Le besoin de "revenir sur Twitter"

Cette absence des réseaux sociaux dominants pourrait en outre n'être que provisoire. "Certains comptes sont déjà réapparus sur Twitter. C'est une pratique courante chez les influenceurs QAnon", observe Alex Kaplan. Ceux-ci ont "le sentiment qu'il faut revenir sur Twitter", explique-t-il. Les plateformes sur lesquelles ils ont migré "sont des cercles fermés où tout le monde est d'accord avec tout le monde", pointe Mike Rothschild.

"Il n'y a pas de potentiel de croissance pour les QAnon sur Telegram ou Gab."

Mike Rothschild

à franceinfo

Sur tous ces réseaux sociaux alternatifs, Géo, le QAnon français, se sent d'ailleurs "un peu mis à l'écart" et "moins utile". "On est avec des personnes qui pensent la même chose que nous. On n'est plus là à partager des informations à des personnes qui n'y avaient pas accès. Il y a une homogénéisation des pensées. Il y a moins de contradiction. C'est peut-être aussi le but de la manœuvre."

L'efficacité du bannissement est conditionnée à la volonté des géants d'internet. "Tout dépend si les réseaux comme Twitter ou Facebook s'engagent à lutter contre ces discours sur le long terme ou si ce n'est qu'un coup de communication", estime Nick Backovic. En effet, "Twitter n'a jusqu'à présent pas été très doué pour rattraper ceux qui revenaient après avoir été suspendus", note Alex Kaplan. "Si c'est fait de manière exhaustive et suivie, cela peut forcer les adeptes QAnon à aller vers des endroits où ils ne peuvent plus atteindre de nouvelles personnes, juge Mike Rothschild. Si c'est mal fait, cela peut avoir l'effet inverse."
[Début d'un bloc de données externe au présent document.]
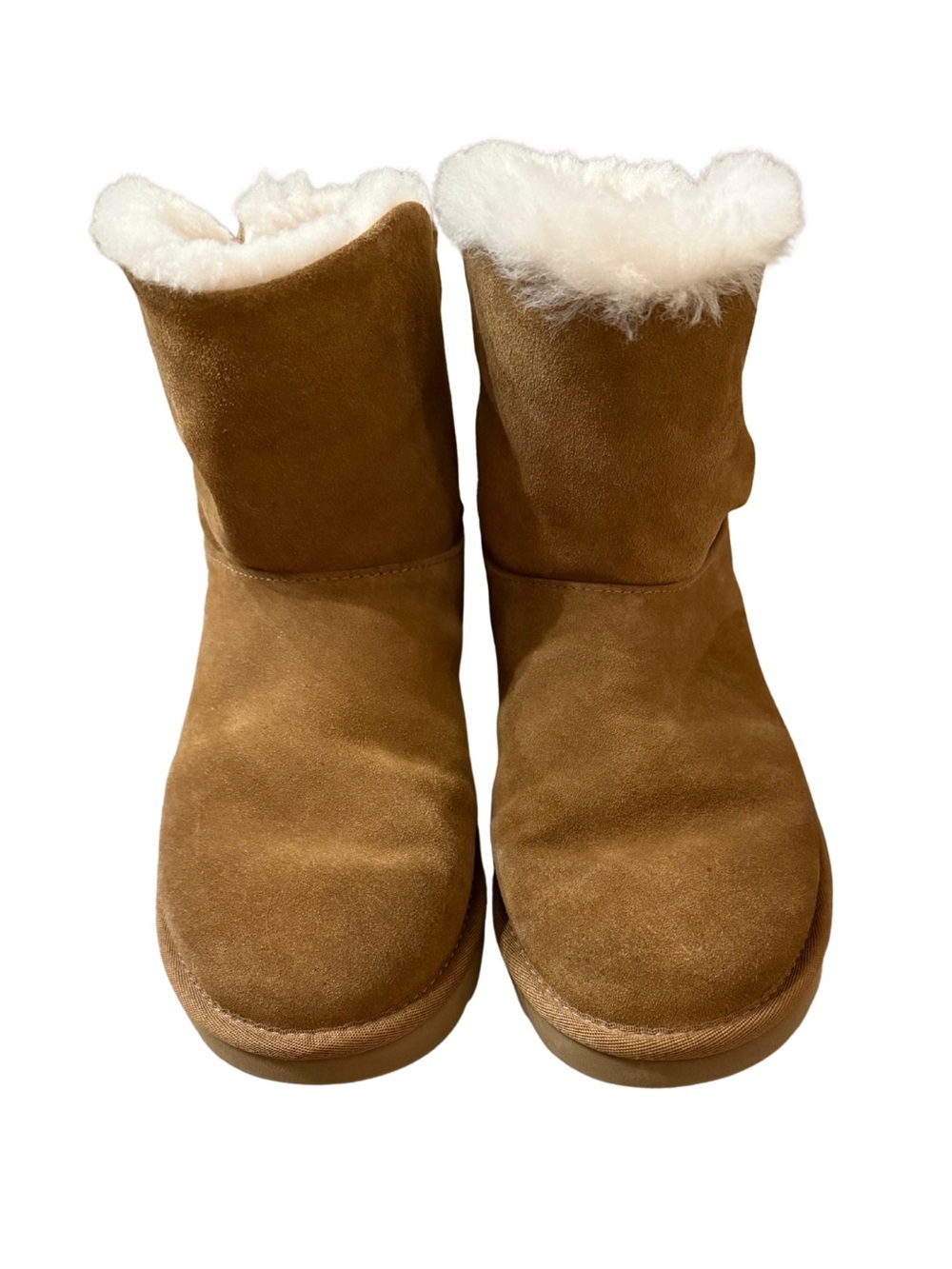 UGG Bailey Bow II Mini Boots Chestnut Suede Sheepskin Lined Women’s Size 8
Le péril d'un entre-soi extrémiste

Les bannis de Twitter ont par ailleurs trouvé refuge sur des réseaux sociaux fréquentés de longue date par de nombreux groupes extrémistes. "Certains de ces groupes voient cette migration comme une opportunité de recrutement", avertit Alex Kaplan. Sur Telegram, raconte The Intercept**, c'est le cas des Boogaloo, ces suprémacistes blancs américains qui s'organisent en milice paramilitaire en prévision d'une hypothétique guerre civile. "C'est la menace principale", confirme Nick Backovic. "Il y a un risque que sur ces plateformes des gens aillent encore plus à l'extrême", prévient Alex Kaplan.
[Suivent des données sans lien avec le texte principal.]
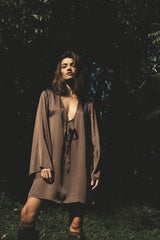 Chocolate brown dress flattering for women over 40 and 50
Loin d'affaiblir ceux qu'elle visait, cette exclusion pourrait au contraire les renforcer en accentuant cet "entre-soi" extrémiste. "Il y avait déjà la possibilité de s'enfermer dans une chambre d'écho, dans laquelle se réverbèrent des messages consonants, considère Sébastien Mort. Là, ces plateformes amplifient ce phénomène à l'excès." L'universitaire rappelle que la recherche en communication l'a démontré :"Quand on est confronté à des contenus qui confirment ce qu'on pense, ça ne fait que renforcer ses convictions et décrédibiliser les contenus dissonants."
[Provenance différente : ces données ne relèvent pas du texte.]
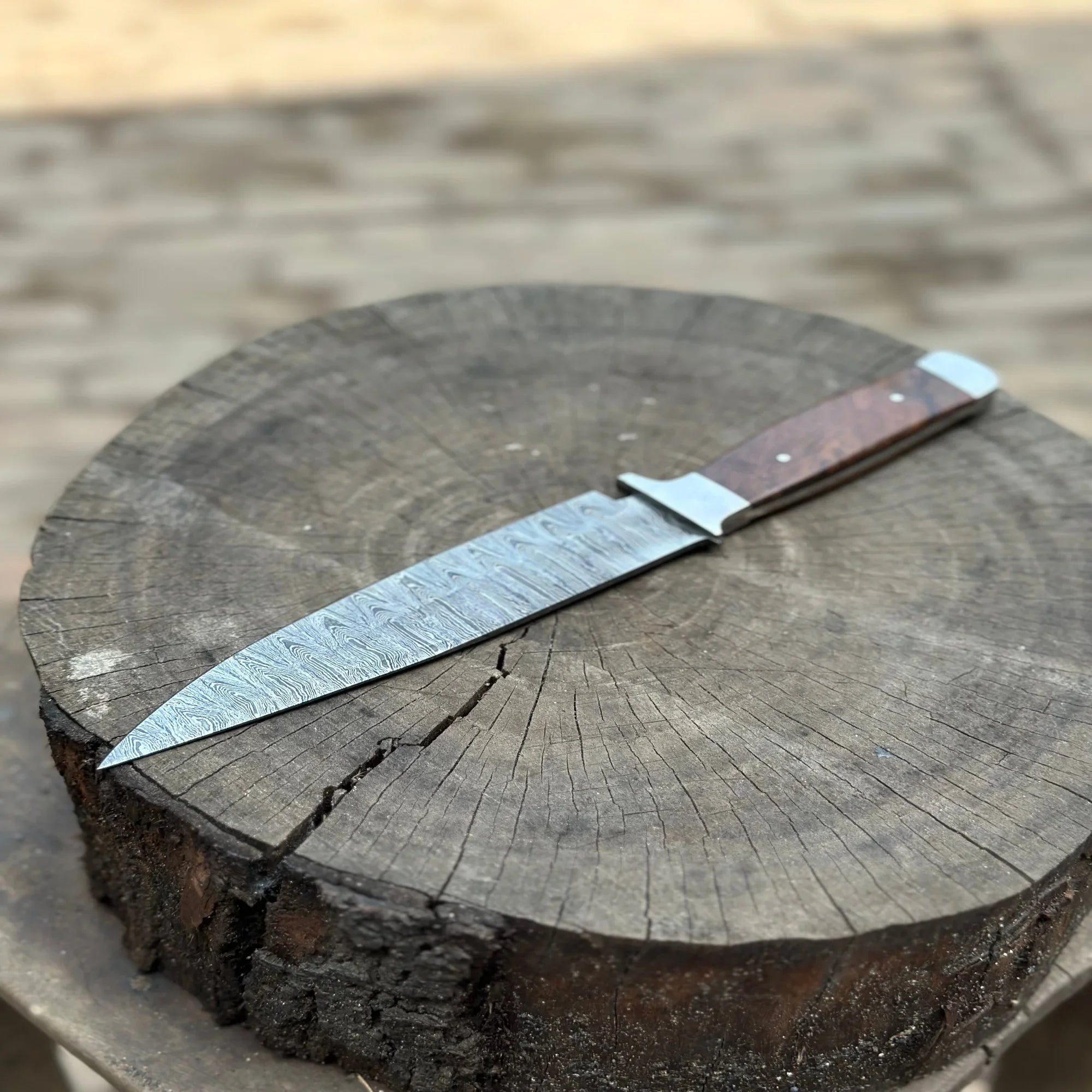 European Carving Knife Damascus Blade Wooden Handle Fixed Blade Tool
"Ce qu'ils peuvent perdre en recrutement externe, ils peuvent le gagner en robustesse."

Sébastien Mort

à franceinfo

"Avoir été chassé des plateformes mainstream" est vu comme "une lettre de noblesse" dans les milieux complotistes et extrémistes, souligne Sébastien Mort. Le chercheur envisage qu'une "une sorte d'émulation", qu'"un bouillonnement plus intense" se produisent. "Ce sont des groupes qui marchent très bien sur le phénomène de victimisation. Ils se présentent comme des victimes de forces subversives qui veulent leur perte", souligne l'universitaire. Ils ne sont pas près de quitter cette posture victimaire, prévient Mike Rothschild. "Une fois que Joe Biden sera àla Maison Blanche, les adeptes de QAnon seront privés du pouvoir [qu'ils avaient avec Donald Trump à la présidence] et ils retrouveront une position plus traditionnelle pour les théoriciens du complot : ils se verront comme des victimes. Et ça, c'est vraiment dangereux."

* Le prénom a été modifié à la demande de l'intéressé.

** Les liens renvoient à des articles en anglais.